— Problem —
Would it be possible to reproduce every entry exactly, please?

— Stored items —
══════

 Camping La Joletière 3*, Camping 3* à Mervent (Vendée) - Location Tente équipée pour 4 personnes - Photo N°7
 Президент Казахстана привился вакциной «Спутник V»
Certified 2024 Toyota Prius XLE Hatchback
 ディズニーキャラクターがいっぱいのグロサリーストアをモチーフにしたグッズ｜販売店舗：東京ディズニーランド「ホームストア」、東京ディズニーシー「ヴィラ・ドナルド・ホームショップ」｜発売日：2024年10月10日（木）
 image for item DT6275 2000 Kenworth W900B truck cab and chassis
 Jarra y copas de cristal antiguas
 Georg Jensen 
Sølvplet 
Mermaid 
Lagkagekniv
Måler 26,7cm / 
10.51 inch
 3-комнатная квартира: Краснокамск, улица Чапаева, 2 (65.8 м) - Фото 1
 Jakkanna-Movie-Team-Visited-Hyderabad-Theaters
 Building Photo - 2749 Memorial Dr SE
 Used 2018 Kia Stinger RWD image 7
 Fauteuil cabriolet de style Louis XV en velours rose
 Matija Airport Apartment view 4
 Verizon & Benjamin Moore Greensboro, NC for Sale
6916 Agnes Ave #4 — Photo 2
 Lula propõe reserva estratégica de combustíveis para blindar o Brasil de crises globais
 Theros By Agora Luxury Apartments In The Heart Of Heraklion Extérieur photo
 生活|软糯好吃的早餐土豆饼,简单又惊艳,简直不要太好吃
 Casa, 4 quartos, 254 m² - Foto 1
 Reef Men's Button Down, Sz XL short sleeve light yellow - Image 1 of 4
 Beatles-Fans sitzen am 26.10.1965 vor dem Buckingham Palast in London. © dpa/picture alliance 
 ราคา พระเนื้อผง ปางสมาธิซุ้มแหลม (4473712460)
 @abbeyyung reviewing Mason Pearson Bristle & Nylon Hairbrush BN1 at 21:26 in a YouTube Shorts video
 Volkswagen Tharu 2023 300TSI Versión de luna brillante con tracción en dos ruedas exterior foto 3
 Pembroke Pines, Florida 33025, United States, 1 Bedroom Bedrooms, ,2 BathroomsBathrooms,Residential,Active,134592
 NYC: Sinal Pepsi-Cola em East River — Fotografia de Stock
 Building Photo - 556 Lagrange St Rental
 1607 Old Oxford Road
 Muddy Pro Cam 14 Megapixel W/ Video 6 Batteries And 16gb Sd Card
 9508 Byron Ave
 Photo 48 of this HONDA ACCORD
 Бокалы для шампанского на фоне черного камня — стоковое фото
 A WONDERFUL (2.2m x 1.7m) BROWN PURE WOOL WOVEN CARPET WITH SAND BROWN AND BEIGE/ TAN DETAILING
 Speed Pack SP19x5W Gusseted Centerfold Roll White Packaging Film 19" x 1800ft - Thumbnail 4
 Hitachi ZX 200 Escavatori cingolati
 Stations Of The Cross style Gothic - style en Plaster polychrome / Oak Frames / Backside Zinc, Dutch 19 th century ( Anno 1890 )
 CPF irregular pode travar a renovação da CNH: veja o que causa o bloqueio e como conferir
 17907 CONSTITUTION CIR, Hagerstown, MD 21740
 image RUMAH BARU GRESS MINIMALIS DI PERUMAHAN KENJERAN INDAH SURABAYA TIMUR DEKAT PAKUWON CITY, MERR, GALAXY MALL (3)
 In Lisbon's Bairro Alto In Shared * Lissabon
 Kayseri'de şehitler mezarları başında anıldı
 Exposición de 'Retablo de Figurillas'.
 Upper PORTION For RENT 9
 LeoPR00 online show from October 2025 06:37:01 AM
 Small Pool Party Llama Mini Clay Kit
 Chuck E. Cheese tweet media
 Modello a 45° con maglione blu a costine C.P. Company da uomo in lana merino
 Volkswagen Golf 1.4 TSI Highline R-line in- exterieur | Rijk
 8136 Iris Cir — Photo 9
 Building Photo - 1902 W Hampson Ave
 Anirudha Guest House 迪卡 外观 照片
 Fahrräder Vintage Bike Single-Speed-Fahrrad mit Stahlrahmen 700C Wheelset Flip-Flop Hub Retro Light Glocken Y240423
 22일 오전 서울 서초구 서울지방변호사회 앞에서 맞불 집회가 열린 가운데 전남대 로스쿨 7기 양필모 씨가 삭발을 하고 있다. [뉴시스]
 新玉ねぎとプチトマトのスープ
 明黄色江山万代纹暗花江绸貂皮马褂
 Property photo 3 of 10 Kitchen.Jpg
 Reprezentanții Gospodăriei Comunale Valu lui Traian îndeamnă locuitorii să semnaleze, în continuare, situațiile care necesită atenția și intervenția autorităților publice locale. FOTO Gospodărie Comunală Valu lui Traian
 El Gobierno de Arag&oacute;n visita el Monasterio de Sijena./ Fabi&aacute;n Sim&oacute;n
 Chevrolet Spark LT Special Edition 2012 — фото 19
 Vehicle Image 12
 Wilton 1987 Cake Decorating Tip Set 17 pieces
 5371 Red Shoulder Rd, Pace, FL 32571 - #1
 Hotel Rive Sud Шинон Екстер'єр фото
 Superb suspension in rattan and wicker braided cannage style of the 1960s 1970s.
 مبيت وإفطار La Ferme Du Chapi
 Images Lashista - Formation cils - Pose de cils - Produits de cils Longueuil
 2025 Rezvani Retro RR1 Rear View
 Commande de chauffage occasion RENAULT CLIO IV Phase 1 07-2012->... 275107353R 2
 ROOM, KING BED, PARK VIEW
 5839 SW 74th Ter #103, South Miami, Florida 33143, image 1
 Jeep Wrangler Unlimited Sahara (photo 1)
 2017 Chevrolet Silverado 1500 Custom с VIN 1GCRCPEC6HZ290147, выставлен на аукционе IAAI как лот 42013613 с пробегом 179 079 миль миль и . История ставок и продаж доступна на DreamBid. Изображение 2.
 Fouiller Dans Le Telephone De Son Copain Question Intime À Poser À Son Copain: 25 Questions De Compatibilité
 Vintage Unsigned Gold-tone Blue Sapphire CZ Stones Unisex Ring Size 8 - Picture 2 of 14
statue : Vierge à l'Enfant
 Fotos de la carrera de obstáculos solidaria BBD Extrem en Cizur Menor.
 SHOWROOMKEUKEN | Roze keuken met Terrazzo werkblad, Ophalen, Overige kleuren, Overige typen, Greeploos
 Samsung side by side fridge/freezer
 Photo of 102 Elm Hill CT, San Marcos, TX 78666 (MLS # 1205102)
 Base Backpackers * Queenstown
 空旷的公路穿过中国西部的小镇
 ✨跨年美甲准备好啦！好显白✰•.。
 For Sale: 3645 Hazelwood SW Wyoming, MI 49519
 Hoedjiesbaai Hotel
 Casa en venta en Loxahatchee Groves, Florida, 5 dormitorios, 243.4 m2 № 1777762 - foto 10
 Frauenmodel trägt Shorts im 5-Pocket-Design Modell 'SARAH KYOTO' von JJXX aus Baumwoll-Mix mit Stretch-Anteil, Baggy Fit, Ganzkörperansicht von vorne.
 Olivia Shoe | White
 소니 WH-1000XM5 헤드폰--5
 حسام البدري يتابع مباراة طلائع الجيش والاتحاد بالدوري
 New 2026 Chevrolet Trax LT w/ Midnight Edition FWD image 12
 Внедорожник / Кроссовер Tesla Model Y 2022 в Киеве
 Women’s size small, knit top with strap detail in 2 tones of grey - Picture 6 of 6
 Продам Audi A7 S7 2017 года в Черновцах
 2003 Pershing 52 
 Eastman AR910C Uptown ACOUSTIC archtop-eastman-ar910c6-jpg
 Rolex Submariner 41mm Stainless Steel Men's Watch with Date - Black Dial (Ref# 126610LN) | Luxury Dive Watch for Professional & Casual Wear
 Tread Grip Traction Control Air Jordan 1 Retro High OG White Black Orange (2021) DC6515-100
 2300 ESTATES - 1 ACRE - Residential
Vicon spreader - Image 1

══════

— Answer for the task —
 Camping La Joletière 3*, Camping 3* à Mervent (Vendée) - Location Tente équipée pour 4 personnes - Photo N°7
 Президент Казахстана привился вакциной «Спутник V»
Certified 2024 Toyota Prius XLE Hatchback
 ディズニーキャラクターがいっぱいのグロサリーストアをモチーフにしたグッズ｜販売店舗：東京ディズニーランド「ホームストア」、東京ディズニーシー「ヴィラ・ドナルド・ホームショップ」｜発売日：2024年10月10日（木）
 image for item DT6275 2000 Kenworth W900B truck cab and chassis
 Jarra y copas de cristal antiguas
 Georg Jensen 
Sølvplet 
Mermaid 
Lagkagekniv
Måler 26,7cm / 
10.51 inch
 3-комнатная квартира: Краснокамск, улица Чапаева, 2 (65.8 м) - Фото 1
 Jakkanna-Movie-Team-Visited-Hyderabad-Theaters
 Building Photo - 2749 Memorial Dr SE
 Used 2018 Kia Stinger RWD image 7
 Fauteuil cabriolet de style Louis XV en velours rose
 Matija Airport Apartment view 4
 Verizon & Benjamin Moore Greensboro, NC for Sale
6916 Agnes Ave #4 — Photo 2
 Lula propõe reserva estratégica de combustíveis para blindar o Brasil de crises globais
 Theros By Agora Luxury Apartments In The Heart Of Heraklion Extérieur photo
 生活|软糯好吃的早餐土豆饼,简单又惊艳,简直不要太好吃
 Casa, 4 quartos, 254 m² - Foto 1
 Reef Men's Button Down, Sz XL short sleeve light yellow - Image 1 of 4
 Beatles-Fans sitzen am 26.10.1965 vor dem Buckingham Palast in London. © dpa/picture alliance 
 ราคา พระเนื้อผง ปางสมาธิซุ้มแหลม (4473712460)
 @abbeyyung reviewing Mason Pearson Bristle & Nylon Hairbrush BN1 at 21:26 in a YouTube Shorts video
 Volkswagen Tharu 2023 300TSI Versión de luna brillante con tracción en dos ruedas exterior foto 3
 Pembroke Pines, Florida 33025, United States, 1 Bedroom Bedrooms, ,2 BathroomsBathrooms,Residential,Active,134592
 NYC: Sinal Pepsi-Cola em East River — Fotografia de Stock
 Building Photo - 556 Lagrange St Rental
 1607 Old Oxford Road
 Muddy Pro Cam 14 Megapixel W/ Video 6 Batteries And 16gb Sd Card
 9508 Byron Ave
 Photo 48 of this HONDA ACCORD
 Бокалы для шампанского на фоне черного камня — стоковое фото
 A WONDERFUL (2.2m x 1.7m) BROWN PURE WOOL WOVEN CARPET WITH SAND BROWN AND BEIGE/ TAN DETAILING
 Speed Pack SP19x5W Gusseted Centerfold Roll White Packaging Film 19" x 1800ft - Thumbnail 4
 Hitachi ZX 200 Escavatori cingolati
 Stations Of The Cross style Gothic - style en Plaster polychrome / Oak Frames / Backside Zinc, Dutch 19 th century ( Anno 1890 )
 CPF irregular pode travar a renovação da CNH: veja o que causa o bloqueio e como conferir
 17907 CONSTITUTION CIR, Hagerstown, MD 21740
 image RUMAH BARU GRESS MINIMALIS DI PERUMAHAN KENJERAN INDAH SURABAYA TIMUR DEKAT PAKUWON CITY, MERR, GALAXY MALL (3)
 In Lisbon's Bairro Alto In Shared * Lissabon
 Kayseri'de şehitler mezarları başında anıldı
 Exposición de 'Retablo de Figurillas'.
 Upper PORTION For RENT 9
 LeoPR00 online show from October 2025 06:37:01 AM
 Small Pool Party Llama Mini Clay Kit
 Chuck E. Cheese tweet media
 Modello a 45° con maglione blu a costine C.P. Company da uomo in lana merino
 Volkswagen Golf 1.4 TSI Highline R-line in- exterieur | Rijk
 8136 Iris Cir — Photo 9
 Building Photo - 1902 W Hampson Ave
 Anirudha Guest House 迪卡 外观 照片
 Fahrräder Vintage Bike Single-Speed-Fahrrad mit Stahlrahmen 700C Wheelset Flip-Flop Hub Retro Light Glocken Y240423
 22일 오전 서울 서초구 서울지방변호사회 앞에서 맞불 집회가 열린 가운데 전남대 로스쿨 7기 양필모 씨가 삭발을 하고 있다. [뉴시스]
 新玉ねぎとプチトマトのスープ
 明黄色江山万代纹暗花江绸貂皮马褂
 Property photo 3 of 10 Kitchen.Jpg
 Reprezentanții Gospodăriei Comunale Valu lui Traian îndeamnă locuitorii să semnaleze, în continuare, situațiile care necesită atenția și intervenția autorităților publice locale. FOTO Gospodărie Comunală Valu lui Traian
 El Gobierno de Arag&oacute;n visita el Monasterio de Sijena./ Fabi&aacute;n Sim&oacute;n
 Chevrolet Spark LT Special Edition 2012 — фото 19
 Vehicle Image 12
 Wilton 1987 Cake Decorating Tip Set 17 pieces
 5371 Red Shoulder Rd, Pace, FL 32571 - #1
 Hotel Rive Sud Шинон Екстер'єр фото
 Superb suspension in rattan and wicker braided cannage style of the 1960s 1970s.
 مبيت وإفطار La Ferme Du Chapi
 Images Lashista - Formation cils - Pose de cils - Produits de cils Longueuil
 2025 Rezvani Retro RR1 Rear View
 Commande de chauffage occasion RENAULT CLIO IV Phase 1 07-2012->... 275107353R 2
 ROOM, KING BED, PARK VIEW
 5839 SW 74th Ter #103, South Miami, Florida 33143, image 1
 Jeep Wrangler Unlimited Sahara (photo 1)
 2017 Chevrolet Silverado 1500 Custom с VIN 1GCRCPEC6HZ290147, выставлен на аукционе IAAI как лот 42013613 с пробегом 179 079 миль миль и . История ставок и продаж доступна на DreamBid. Изображение 2.
 Fouiller Dans Le Telephone De Son Copain Question Intime À Poser À Son Copain: 25 Questions De Compatibilité
 Vintage Unsigned Gold-tone Blue Sapphire CZ Stones Unisex Ring Size 8 - Picture 2 of 14
statue : Vierge à l'Enfant
 Fotos de la carrera de obstáculos solidaria BBD Extrem en Cizur Menor.
 SHOWROOMKEUKEN | Roze keuken met Terrazzo werkblad, Ophalen, Overige kleuren, Overige typen, Greeploos
 Samsung side by side fridge/freezer
 Photo of 102 Elm Hill CT, San Marcos, TX 78666 (MLS # 1205102)
 Base Backpackers * Queenstown
 空旷的公路穿过中国西部的小镇
 ✨跨年美甲准备好啦！好显白✰•.。
 For Sale: 3645 Hazelwood SW Wyoming, MI 49519
 Hoedjiesbaai Hotel
 Casa en venta en Loxahatchee Groves, Florida, 5 dormitorios, 243.4 m2 № 1777762 - foto 10
 Frauenmodel trägt Shorts im 5-Pocket-Design Modell 'SARAH KYOTO' von JJXX aus Baumwoll-Mix mit Stretch-Anteil, Baggy Fit, Ganzkörperansicht von vorne.
 Olivia Shoe | White
 소니 WH-1000XM5 헤드폰--5
 حسام البدري يتابع مباراة طلائع الجيش والاتحاد بالدوري
 New 2026 Chevrolet Trax LT w/ Midnight Edition FWD image 12
 Внедорожник / Кроссовер Tesla Model Y 2022 в Киеве
 Women’s size small, knit top with strap detail in 2 tones of grey - Picture 6 of 6
 Продам Audi A7 S7 2017 года в Черновцах
 2003 Pershing 52 
 Eastman AR910C Uptown ACOUSTIC archtop-eastman-ar910c6-jpg
 Rolex Submariner 41mm Stainless Steel Men's Watch with Date - Black Dial (Ref# 126610LN) | Luxury Dive Watch for Professional & Casual Wear
 Tread Grip Traction Control Air Jordan 1 Retro High OG White Black Orange (2021) DC6515-100
 2300 ESTATES - 1 ACRE - Residential
Vicon spreader - Image 1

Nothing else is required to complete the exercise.